Il n'avait pas envisagé une seconde que Tessa puisse lui refuser sa demande. Ni les raisons qui l'avaient poussée à ne pas agir plus vite.
Il s'était pratiquement invité de force dans son bureau pour lui parler, et il était sur le point de lui révéler le fond de sa pensée de façon peu amicale ni professionnelle, mais il se maîtrisa devant la mine déconfite de sa supérieure.
Quand la jeune femme, profondément ennuyée et visiblement exténuée commença à lui expliquer les problèmes auxquels elle avait dû faire face, Sosuke resta interdit.
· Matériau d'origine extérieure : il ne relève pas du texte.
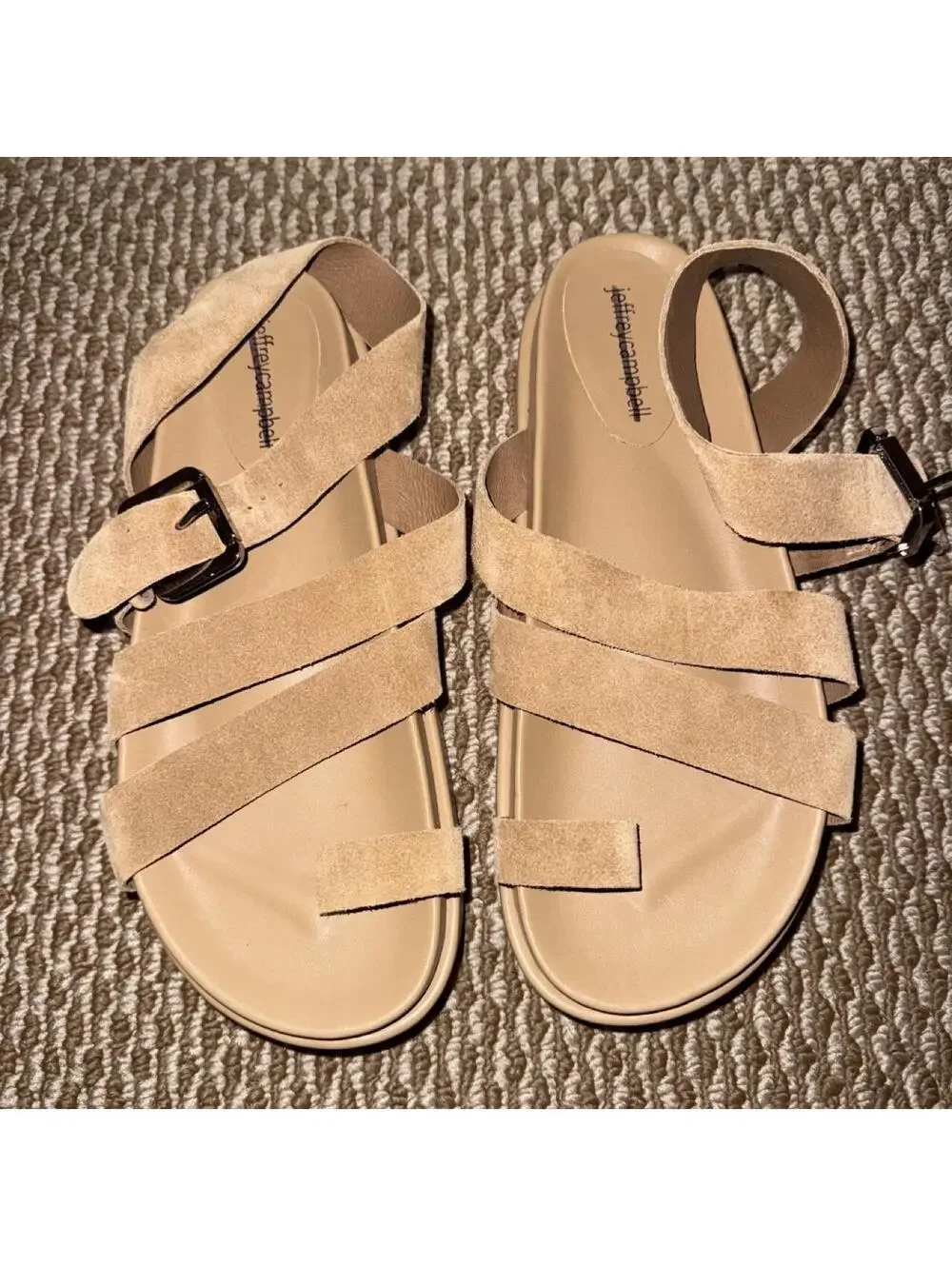 Jeffrey Campbell Getaway Footbed Suede Sandals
Sans même demander l'autorisation, il s'assit, vidé par la nouvelle. Il écoutait à peine ce que Tessa avait à lui apprendre. Tout ce qu'il avait en tête, c'était qu'il était trop tard.
Il n'y avait plus de trace de Kaname, elle avait disparu. Encore.
C'était un cauchemar.
Doucement, il tenta d'organiser ses idées et de retrouver son calme. Tessa avait posé sa main sur la sienne et le regardait avec beaucoup d'inquiétude, comme si elle savait parfaitement ce qu'il ressentait.
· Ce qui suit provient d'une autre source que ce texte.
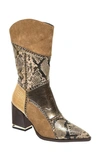 Lady Couture Art Patchwork Studded Snake Embossed Boot In Taupe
« Je suis désolée, Sosuke, murmura-t-elle enfin en baissant les yeux. »
Ils restèrent silencieux, l'un en face de l'autre, sans même se regarder, puis Sosuke finit par demander pourquoi personne ne lui avait parlé. Il avait le droit de savoir, il était personnellement concerné.
Son ton n'était pas vraiment agressif, mais Tessa sentait tout de même les accusations qu'il tentait laborieusement de masquer.
« Je… je suis vraiment désolée. J'attendais, en espérant avoir des nouvelles. Quelque chose… Il y a eu ce message, reçu par Dana, et je pensais qu'on arriverait à le décoder… Et puis quand Dim s'est réveillé, il aurait pu nous en apprendre un peu plus. Il est très proche de Kaname… Et je… »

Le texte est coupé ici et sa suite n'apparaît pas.